Asserting that people were entitled to protest democratically, Shah claimed that controversial statements were made even at the Shaheen Bagh protest site.
As for arrested Jawaharlal Nehru University student Sharjeel Imam, the home minister said: “He spoke about shutting Assam. We have shut him in a jail instead.”
He said the ministry of home affairs was looking into possible links between the Popular Front of India and Shaheen Bagh protesters. Shah also said that the police crackdown at the Jamia Millia Islamia in December last year wasn’t on students but “those who burnt buses” in violence outside the campus.
Shah conceded that his assessment of getting 45 seats in Delhi poll turned out to be wrong.
“My assessment was 45 seats. It turned out to be wrong,” he said.
 Shah said while BJP may have lost, but it “expanded its ideology”.  He said the BJP will play the role of a responsible opposition in the Delhi assembly.
In the wake of nationwide protests against the CAA, Shah vehemently defended the contentious law and said that anyone could seek time to debate the issue with him on merits.
“Whoever wants to clarify this issue can seek an appointment with me. I will personally clarify the issue to them.
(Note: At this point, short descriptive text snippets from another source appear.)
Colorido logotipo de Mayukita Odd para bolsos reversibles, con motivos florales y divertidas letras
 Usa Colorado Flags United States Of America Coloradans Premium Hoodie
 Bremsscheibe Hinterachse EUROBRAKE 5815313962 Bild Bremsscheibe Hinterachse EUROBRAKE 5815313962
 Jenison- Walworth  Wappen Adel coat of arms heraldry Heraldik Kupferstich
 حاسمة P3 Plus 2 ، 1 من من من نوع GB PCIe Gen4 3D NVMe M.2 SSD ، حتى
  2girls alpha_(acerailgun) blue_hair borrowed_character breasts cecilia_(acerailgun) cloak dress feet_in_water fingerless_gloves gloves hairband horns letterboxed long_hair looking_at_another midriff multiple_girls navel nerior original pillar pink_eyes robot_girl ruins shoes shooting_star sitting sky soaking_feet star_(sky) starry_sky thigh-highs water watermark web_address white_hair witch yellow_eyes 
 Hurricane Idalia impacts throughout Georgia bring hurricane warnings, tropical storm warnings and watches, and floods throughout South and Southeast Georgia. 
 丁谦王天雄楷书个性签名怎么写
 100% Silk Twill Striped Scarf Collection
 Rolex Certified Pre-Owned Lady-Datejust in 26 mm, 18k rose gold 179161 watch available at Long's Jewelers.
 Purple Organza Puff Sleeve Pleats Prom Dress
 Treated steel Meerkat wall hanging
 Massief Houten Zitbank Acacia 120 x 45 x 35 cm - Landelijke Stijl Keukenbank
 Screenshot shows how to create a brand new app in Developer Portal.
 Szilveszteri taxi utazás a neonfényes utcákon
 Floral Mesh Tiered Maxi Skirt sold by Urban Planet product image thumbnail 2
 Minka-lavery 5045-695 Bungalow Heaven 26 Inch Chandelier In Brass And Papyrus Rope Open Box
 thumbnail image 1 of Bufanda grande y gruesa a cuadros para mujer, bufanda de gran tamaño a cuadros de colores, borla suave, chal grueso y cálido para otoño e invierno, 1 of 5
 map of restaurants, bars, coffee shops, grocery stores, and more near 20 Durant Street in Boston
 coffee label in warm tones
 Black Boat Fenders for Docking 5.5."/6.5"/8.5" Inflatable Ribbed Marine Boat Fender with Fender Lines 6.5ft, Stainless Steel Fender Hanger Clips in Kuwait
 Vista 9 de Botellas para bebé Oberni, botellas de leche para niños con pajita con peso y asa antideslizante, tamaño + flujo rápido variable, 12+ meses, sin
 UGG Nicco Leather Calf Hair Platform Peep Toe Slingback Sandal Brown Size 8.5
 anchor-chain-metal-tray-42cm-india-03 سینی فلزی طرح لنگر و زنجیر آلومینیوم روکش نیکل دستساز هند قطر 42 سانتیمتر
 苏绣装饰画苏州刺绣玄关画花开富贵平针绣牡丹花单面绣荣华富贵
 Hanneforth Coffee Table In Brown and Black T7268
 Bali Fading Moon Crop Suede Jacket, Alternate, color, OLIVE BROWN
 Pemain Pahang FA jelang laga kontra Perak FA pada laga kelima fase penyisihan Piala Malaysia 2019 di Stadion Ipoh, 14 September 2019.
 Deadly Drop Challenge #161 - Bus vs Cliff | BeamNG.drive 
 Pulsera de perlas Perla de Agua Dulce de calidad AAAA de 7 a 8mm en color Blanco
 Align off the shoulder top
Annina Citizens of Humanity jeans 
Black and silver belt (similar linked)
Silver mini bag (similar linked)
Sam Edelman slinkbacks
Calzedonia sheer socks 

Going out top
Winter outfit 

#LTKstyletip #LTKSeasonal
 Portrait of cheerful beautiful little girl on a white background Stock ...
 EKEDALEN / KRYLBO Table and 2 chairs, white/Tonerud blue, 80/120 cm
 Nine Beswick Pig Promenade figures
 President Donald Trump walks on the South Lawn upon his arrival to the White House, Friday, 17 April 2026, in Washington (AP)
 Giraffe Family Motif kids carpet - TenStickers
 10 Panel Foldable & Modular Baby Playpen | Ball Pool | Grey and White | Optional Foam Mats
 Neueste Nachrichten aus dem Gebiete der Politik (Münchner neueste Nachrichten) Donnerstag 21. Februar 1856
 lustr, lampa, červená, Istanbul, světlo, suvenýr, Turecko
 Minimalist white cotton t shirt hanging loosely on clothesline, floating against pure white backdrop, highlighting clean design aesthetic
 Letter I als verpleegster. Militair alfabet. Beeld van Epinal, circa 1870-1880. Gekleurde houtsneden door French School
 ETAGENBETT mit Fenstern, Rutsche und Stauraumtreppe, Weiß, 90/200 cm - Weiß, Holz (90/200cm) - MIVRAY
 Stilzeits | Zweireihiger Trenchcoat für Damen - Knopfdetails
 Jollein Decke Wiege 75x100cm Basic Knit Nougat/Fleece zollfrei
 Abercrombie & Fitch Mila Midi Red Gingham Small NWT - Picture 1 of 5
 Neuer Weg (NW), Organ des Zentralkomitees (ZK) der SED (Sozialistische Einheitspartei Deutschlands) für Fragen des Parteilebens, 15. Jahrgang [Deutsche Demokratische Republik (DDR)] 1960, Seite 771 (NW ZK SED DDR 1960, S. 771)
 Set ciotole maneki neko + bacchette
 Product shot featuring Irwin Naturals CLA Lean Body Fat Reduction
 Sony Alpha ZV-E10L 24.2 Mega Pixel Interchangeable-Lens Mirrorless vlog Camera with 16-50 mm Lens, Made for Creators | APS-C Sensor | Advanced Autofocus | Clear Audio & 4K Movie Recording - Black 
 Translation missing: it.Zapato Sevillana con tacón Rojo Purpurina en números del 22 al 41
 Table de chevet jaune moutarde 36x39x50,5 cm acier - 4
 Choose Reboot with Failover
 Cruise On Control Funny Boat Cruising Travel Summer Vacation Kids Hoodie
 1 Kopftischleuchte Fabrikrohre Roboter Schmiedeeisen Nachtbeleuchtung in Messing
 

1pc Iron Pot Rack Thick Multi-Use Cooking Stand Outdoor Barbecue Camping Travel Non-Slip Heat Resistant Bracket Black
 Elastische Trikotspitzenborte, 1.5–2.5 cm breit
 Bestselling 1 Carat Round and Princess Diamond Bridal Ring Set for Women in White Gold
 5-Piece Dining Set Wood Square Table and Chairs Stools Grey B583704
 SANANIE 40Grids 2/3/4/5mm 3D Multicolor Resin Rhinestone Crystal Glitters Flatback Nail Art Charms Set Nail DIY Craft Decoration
My office will provide time within three days,” Shah said.
Speaking on the proposed nationwide National Register of Citizens, Shah said that while the issue has been included in the Bharatiya Janata Party’s election manifesto, nothing has as yet been decided on the matter.
Flashing some papers, the minister claimed that a report by a parliamentary committee headed by then Congress leader Pranab Mukherjee had advocated for a nationwide NRC. He asserted that no one needs to show documents for inclusion in the National Population Register.
“Nobody has been asked for documents in the NPR. Nobody will be asked either. People are supposed to get their details recorded orally,” he said. 
As for Congress leader Rahul Gandhi’s charge that the Modi government was anti-Dalits, he said that the amendments to the Scheduled Castes and Scheduled Tribes law to deny reservation in promotions in government jobs were actually passed by the then Congress government in Uttarakhand.